- _DATA_:
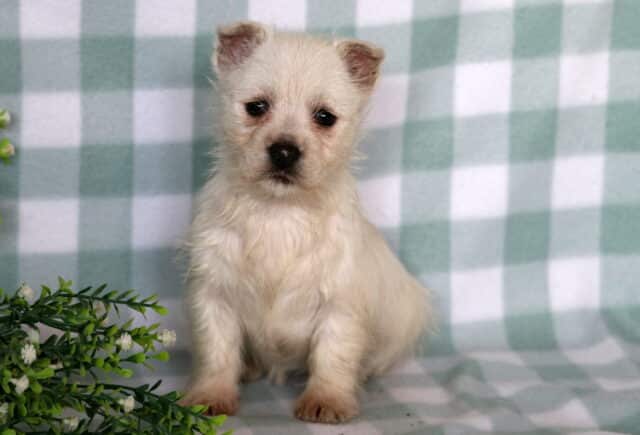 Charm Westie image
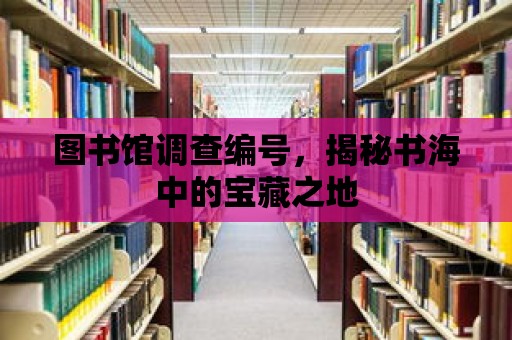 圖書館調查編號，揭秘書海中的寶藏之地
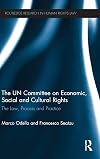 The UN Committee on Economic, Social and Cultural Rights: The Law, Process and Practice (Routledge Research in Human Rights Law)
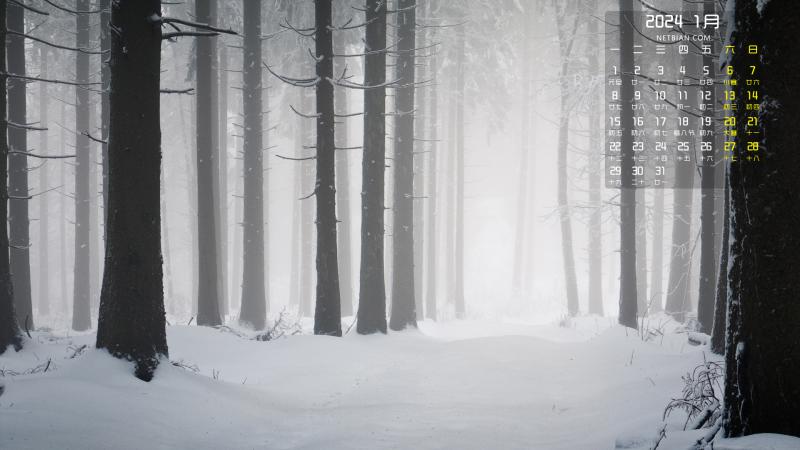 森林树林雪景2024年1月桌面日历壁纸高清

- _EXERCISE REQUIREMENTS_: Output the listing exactly, without images.

- _WRITTEN RESPONSE_:
 Charm Westie image
 圖書館調查編號，揭秘書海中的寶藏之地
 The UN Committee on Economic, Social and Cultural Rights: The Law, Process and Practice (Routledge Research in Human Rights Law)
 森林树林雪景2024年1月桌面日历壁纸高清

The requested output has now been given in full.